:: Exercise prompt ::
Retype the listing exactly, minus its pictures.

:: Dataset section ::
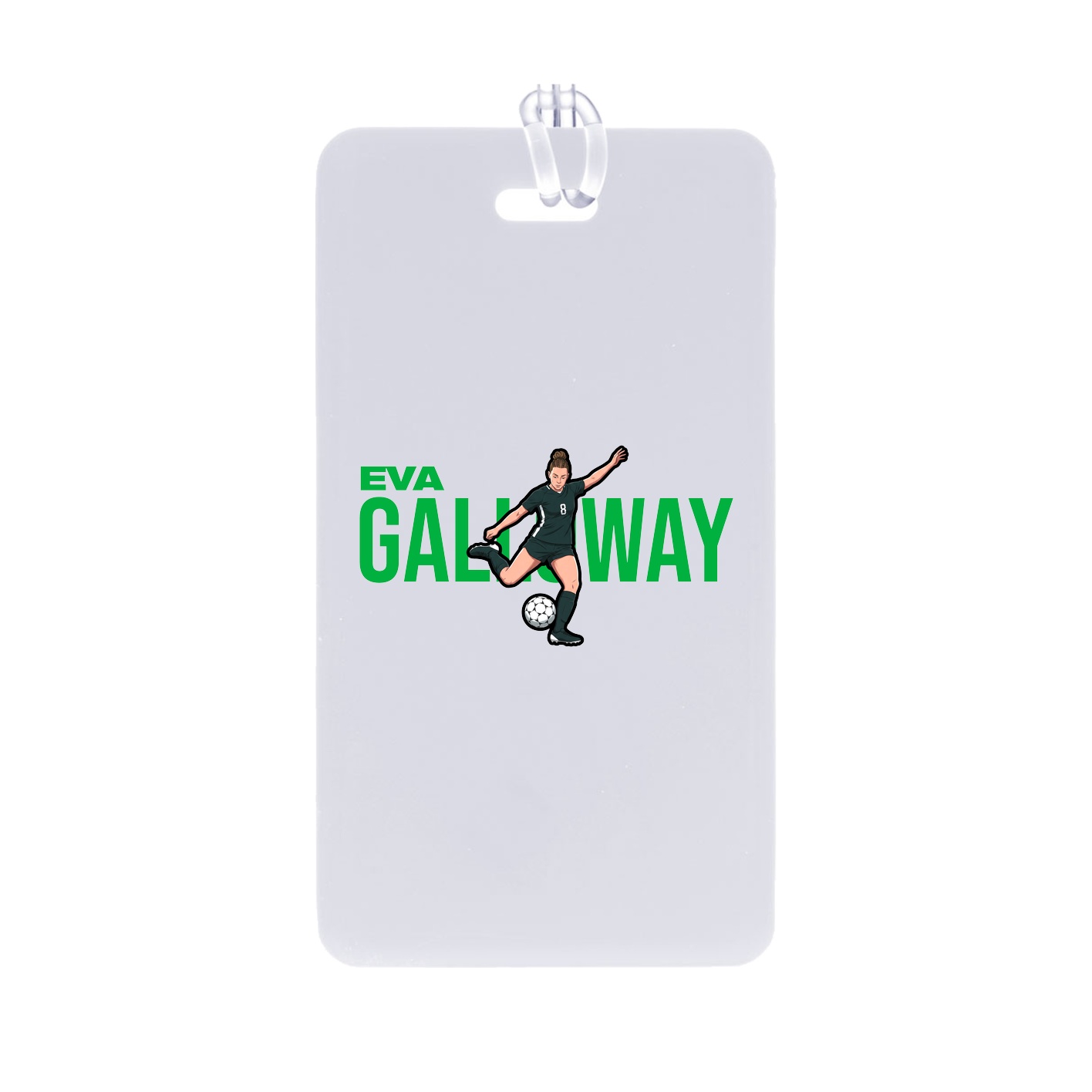 Bag Tag — Player Name in Classic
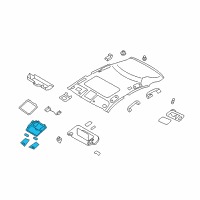 OEM 2011 Infiniti EX35 Lamp Assembly-Map Diagram - 26430-1BA0A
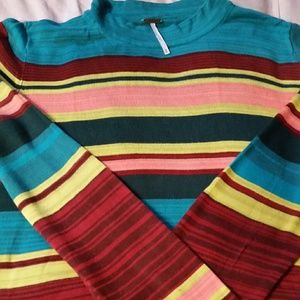 Free people show off your stripes sweater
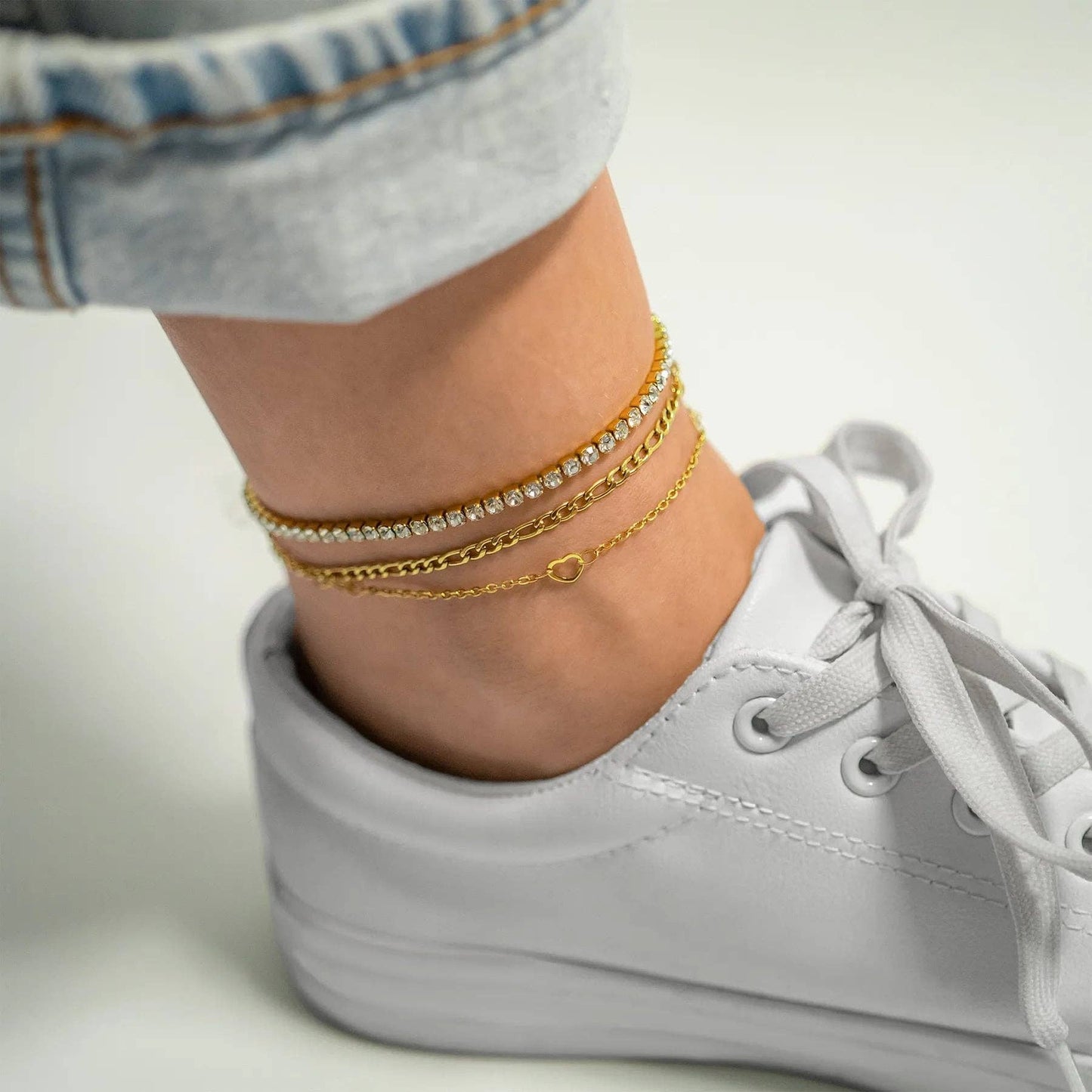Anklet Station Hearts Chain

:: Solution to this task ::
 Bag Tag — Player Name in Classic
 OEM 2011 Infiniti EX35 Lamp Assembly-Map Diagram - 26430-1BA0A
 Free people show off your stripes sweater
Anklet Station Hearts Chain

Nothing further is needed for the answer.